Generous Retirement Package for Zimbabwe’s Ousted Robert Mugabe

December 29, 2017 Updated: December 29, 2017    

Robert Mugabe may have been ousted from ruling over impoverished Zimbabwe but he isn’t going away empty handed. After a coup deposed him last month, Mugabe has now been given a very generous package that includes staff, mansion-sized housing, first class air tickets, and a Mercedes Benz S-Class, among other vehicles.

The details of the former dictator’s package were published in The Herald, a state-run publication, on Thursday, Dec. 28. The day before, current President Emmerson Mnangagwa gazetted the so-called pension and retirement benefits that a Zimbabwean former head of state is entitled to upon retirement.

News of the golden handshake comes a month after 93-year-old Mugabe was pushed from power following the country’s military taking control of the country. Mnangagwa, who was once a long term ally of Mugabe’s and the former head of Zimbabwe’s spy agency, was sworn in as president on Nov. 24.
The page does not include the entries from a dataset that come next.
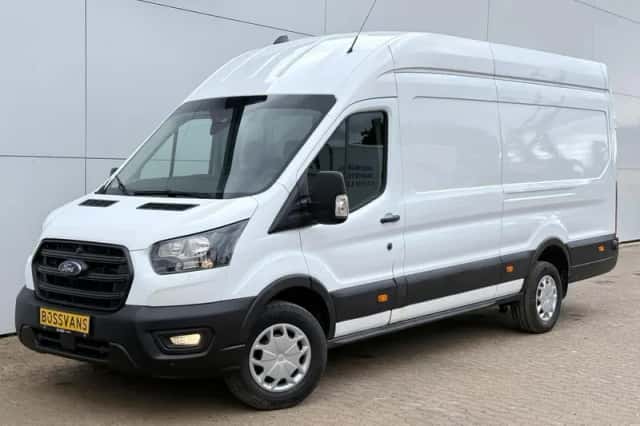 Ford Transit (2024) thumbnail 1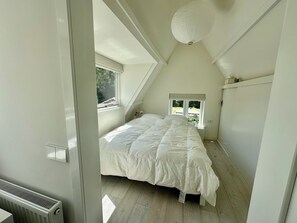 1 soverom, strykejern/-brett, internettilgang og sengetøy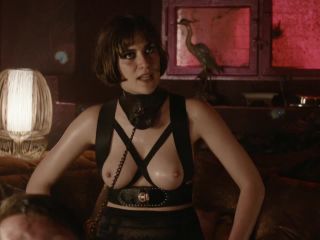 Sophie Pfennigstorf - Babylon Berlin s01e13 (2017) HD 720p!!!-4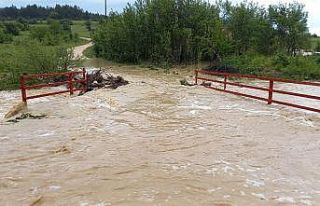 Sağanak sonrası dereler taştı yollar göle döndü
A 2004 file image of then Zimbabwean President Robert Mugabe with then political ally Emmerson Mnangagwa, now the country’s current leader. (STR/AFP/Getty Images)

The regulated entitlements announced by the feared Mnangagwa will cost the impoverished southern African nation hundreds of thousands of dollars each year.

Under the ruling, Mugabe will have no less than six security personnel and will be entitled to eight other staff members including drivers, private secretaries, and two aide-de-camp officers, reported The Herald.

The state will provide him with a fully-furnished and equipped office, including a cellphone and two computers.

Mugabe is entitled to a furnished official residence anywhere in Harare, the country’s capital. He will also have either have a housing allowance, or the acquisition or construction of one anywhere in the country. If a residence is to be built, it is allowed to be mansion size and staffed by more than ten.

“There shall be employed in connection with the residence of the former President (i) three domestic employees, and (ii) two gardeners, and (iii) two cooks and two waiters and (iv) two laundry persons,” read the regulations, reported The Herald.

School children hold an image of the then Zimbabwe’s President Robert Mugabe during the country’s 37th Independence Day celebrations at the National Sports Stadium in Harare April 18, 2017. (Jekesai Njikizana/AFP/Getty Images)

A pool and guardrooms were also included as part of that. These benefits will be passed onto Mugabe’s wife Grace Mugabe if she remains unmarried or any dependent children under the age of 21. The state will pick up the tab for water, electricity, telephone bills for usage in the office and the official residence, said the report.

Mugabe and his wife will also each have a diplomatic passport and will be entitled to four first class flights abroad per year in addition to some similar travel perks locally.

Mugabe will also be entitled to three vehicles. One being a Mercedes Benz S500 Series or an equivalent, another being a four-wheel drive station wagon or equivalent, and a pickup van. That is not including the vehicles needed for his staff, including security.

The then President Robert Mugabe kisses his wife Grace Mugabe during Zimbabwe’s 37th Independence Day celebrations at the National Sports Stadium in Harare April 18, 2017. (Jekesai Njikizana/AFP/Getty Images)

The state will pay for the vehicle’s fuel needs and will replace each vehicle every five years.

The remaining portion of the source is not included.